> WHAT YOU ARE ASKED TO DO
The required copy runs from the first line of the material through the line containing "This is a normal", exactly as written and without pictures.

╔══

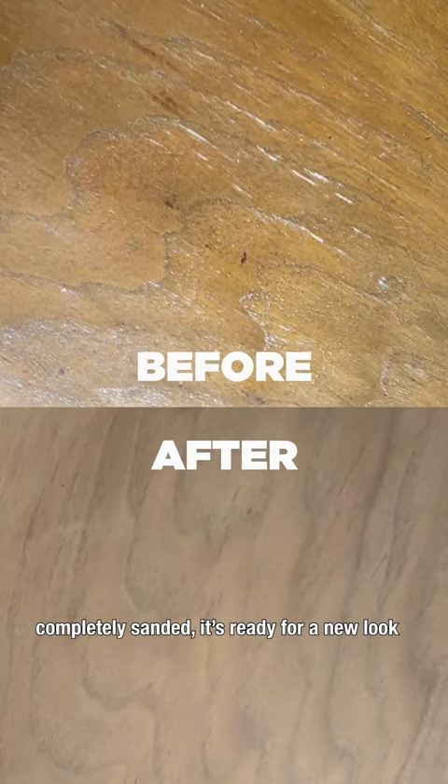Now that the 60 year old piano bench is completely sanded, it's ready for a new look. Would you choose to stain or paint this beauty? Let me know in the comments and I'll see you next time.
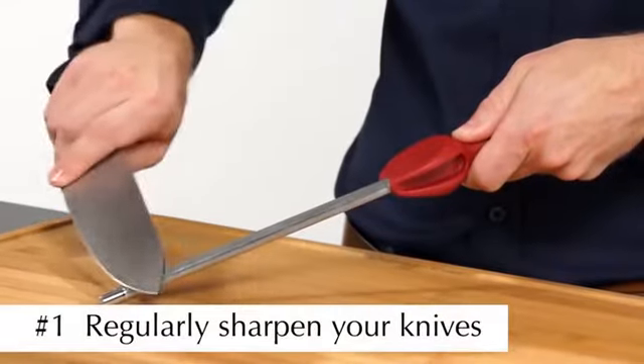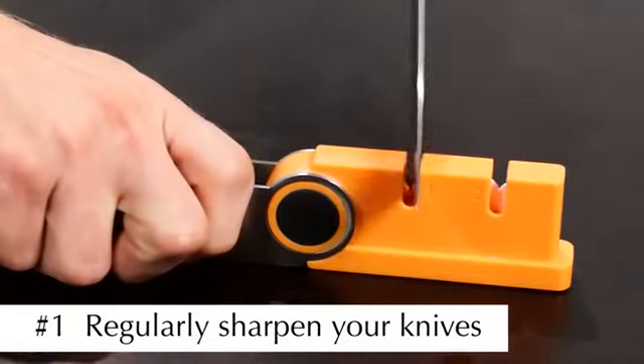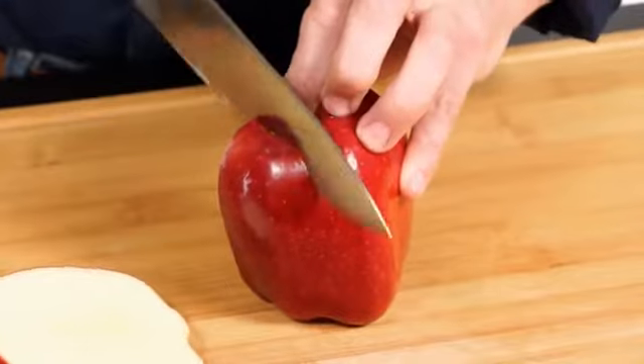To help get years of superior performance out of your Farberware cutlery, just follow these three simple guidelines. Number one: regularly sharpen your knives with a sharpening steel or tabletop sharpener. This hones the cutting edge of the blades and ensures your Farberware knives cut with little effort.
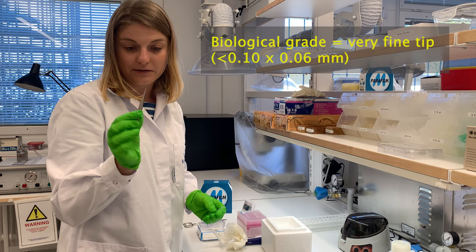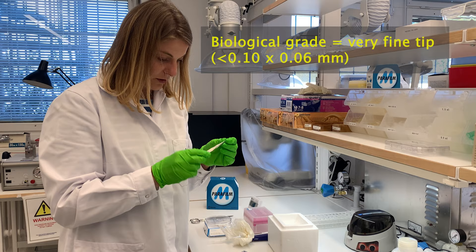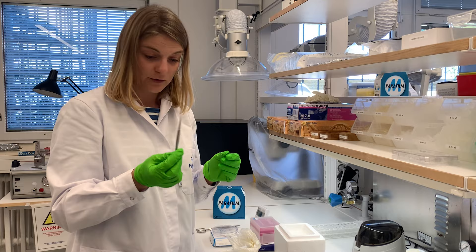So I have very fine forceps here. They are biological grade, which makes them best for handling grids which are very fine. You are welcome to ask us for some tips about where to purchase good forceps like this.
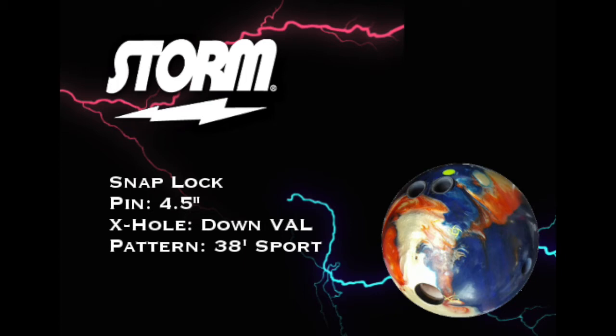Same pattern as the last video — 38 foot sport pattern. This was my first shots on the pattern; I did this ball first. There's a lot of friction out there for what you'd expect for sure. Let's take a look at some shots and see how she looks.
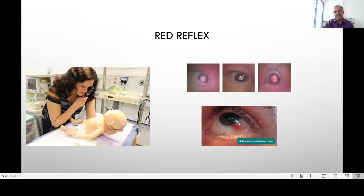This is a normal red reflex. You may have a paler red reflex or a very bright red reflex depending on skin complexion. Fairer skin races have a very bright red reflex, and darker skin ones will have a pale fundus.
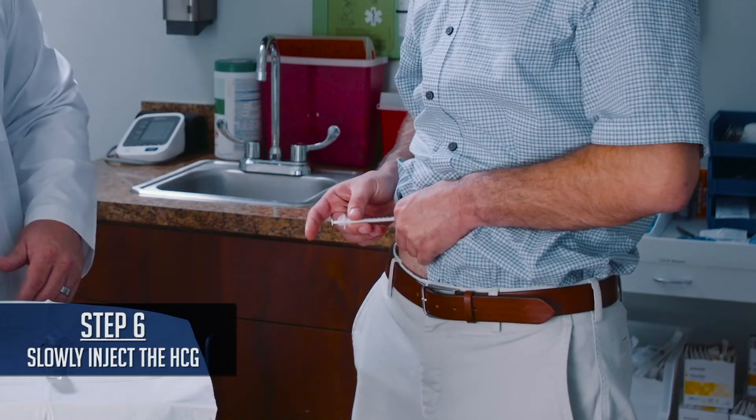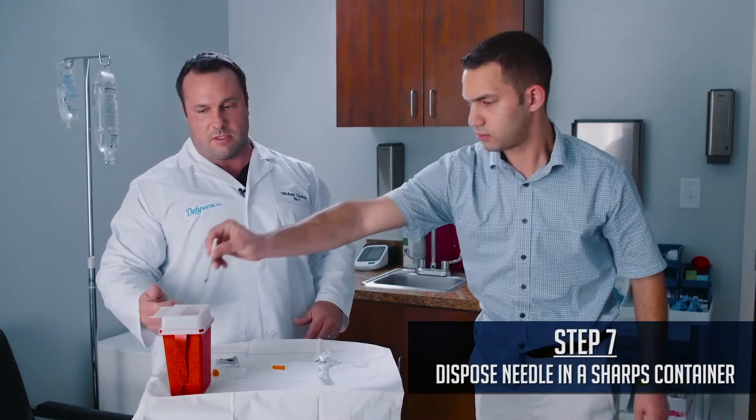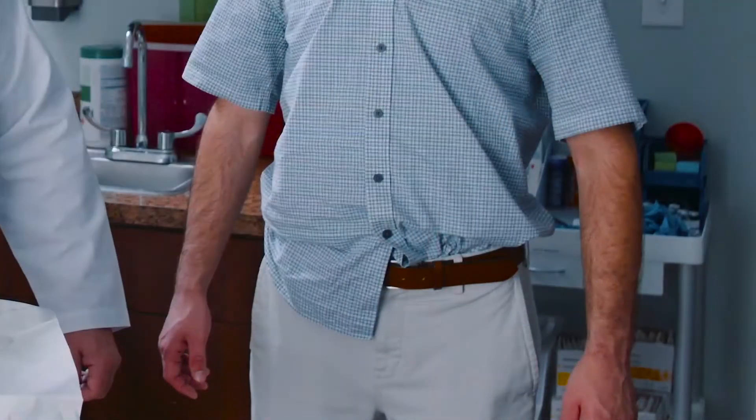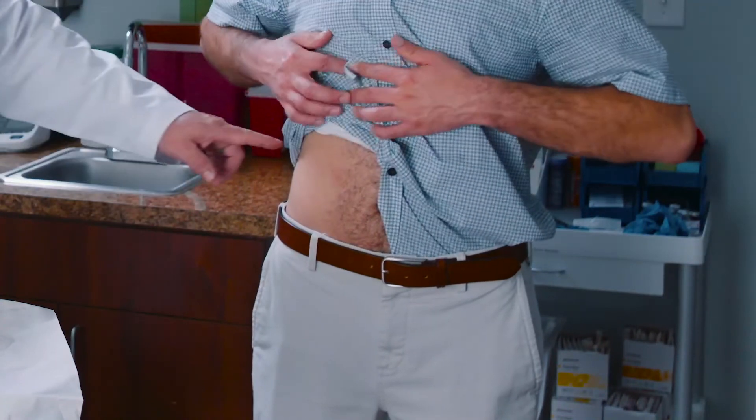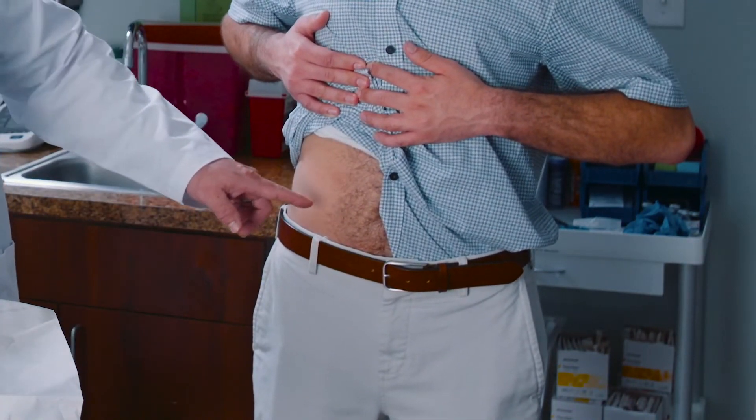After the injection, he's going to pull out and throw the needle away in the sharps container. The patient injected in the most common area, lateral to the belly button, about 3 to 4 inches.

╚══

> RESULT OF THIS EXERCISE
Now that the 60 year old piano bench is completely sanded, it's ready for a new look. Would you choose to stain or paint this beauty? Let me know in the comments and I'll see you next time.
To help get years of superior performance out of your Farberware cutlery, just follow these three simple guidelines. Number one: regularly sharpen your knives with a sharpening steel or tabletop sharpener. This hones the cutting edge of the blades and ensures your Farberware knives cut with little effort.
So I have very fine forceps here. They are biological grade, which makes them best for handling grids which are very fine. You are welcome to ask us for some tips about where to purchase good forceps like this.
Same pattern as the last video — 38 foot sport pattern. This was my first shots on the pattern; I did this ball first. There's a lot of friction out there for what you'd expect for sure. Let's take a look at some shots and see how she looks.
This is a normal red reflex. You may have a paler red reflex or a very bright red reflex depending on skin complexion. Fairer skin races have a very bright red reflex, and darker skin ones will have a pale fundus.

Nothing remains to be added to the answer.